▼▼▼
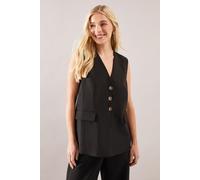 Petite Three Button Waistcoat Wallis Black 10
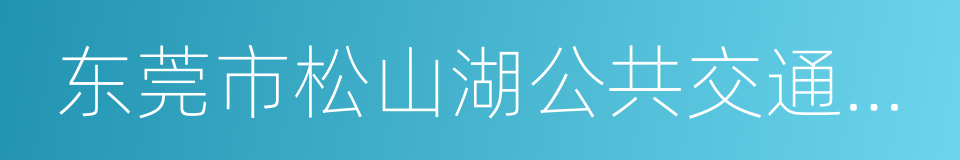 东莞市松山湖公共交通有限公司的同义词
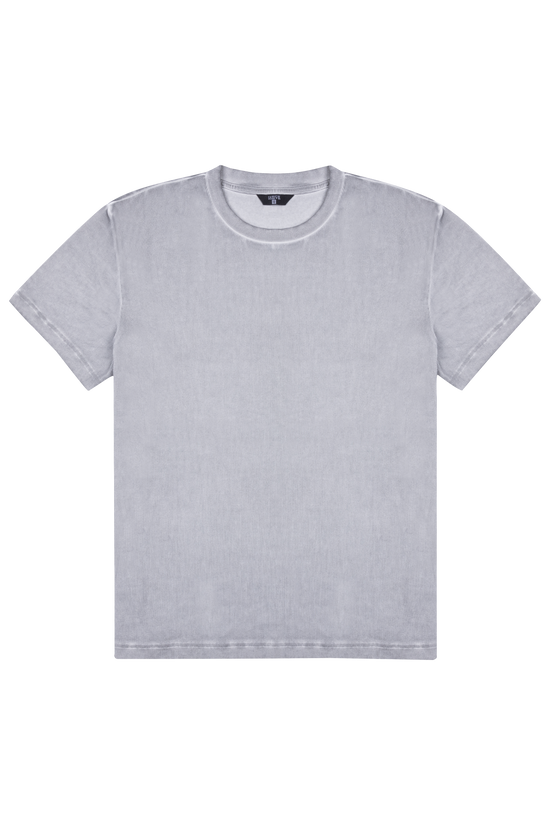 Yıkamalı Fitilli T-shirt - Gri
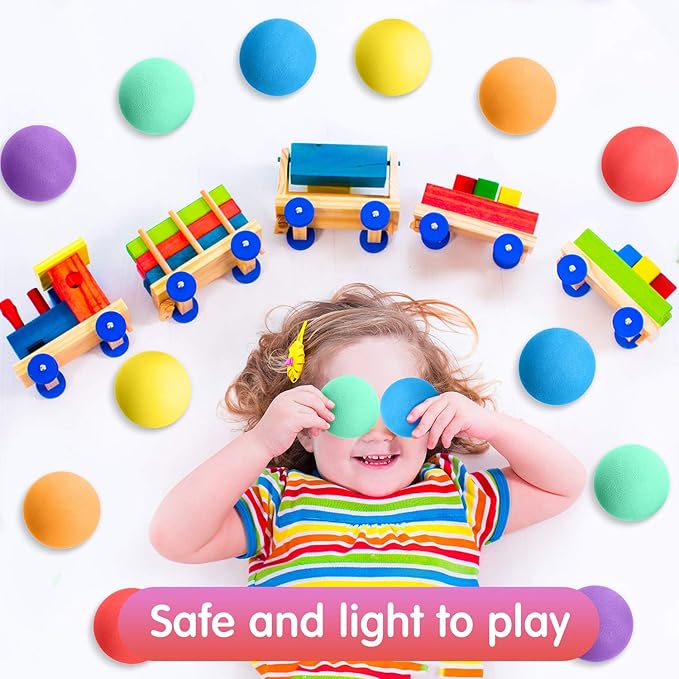 Gejoy 24 Pieces Soft Foam Balls Bulk Lightweight Mini Balls for Safe Indoor Toys Fun Assorted Colors Sponge Balls Birthday Party Favors Bag Gifts for Boys and Girls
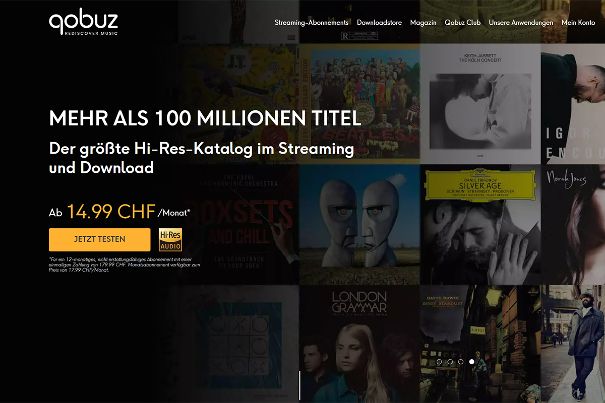 Qobuz setzt auf ein grosses Angebot an HiRes-Alben und ein Magazin mit Hintergrundinformationen.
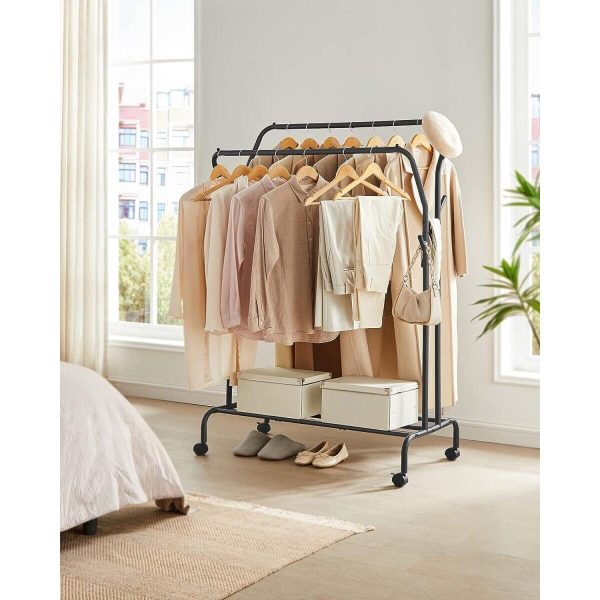 Suport mobil cu roti pentru haine, Artool, cu raft incaltaminte, otel, negru, max 100 kg, 103.5x52.5x155 cm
▲▲▲
◆ Your objective: Please transcribe each line above exactly, but leave the images out.

◆ Completed exercise:
 Petite Three Button Waistcoat Wallis Black 10
 东莞市松山湖公共交通有限公司的同义词
 Yıkamalı Fitilli T-shirt - Gri
 Gejoy 24 Pieces Soft Foam Balls Bulk Lightweight Mini Balls for Safe Indoor Toys Fun Assorted Colors Sponge Balls Birthday Party Favors Bag Gifts for Boys and Girls
 Qobuz setzt auf ein grosses Angebot an HiRes-Alben und ein Magazin mit Hintergrundinformationen.
 Suport mobil cu roti pentru haine, Artool, cu raft incaltaminte, otel, negru, max 100 kg, 103.5x52.5x155 cm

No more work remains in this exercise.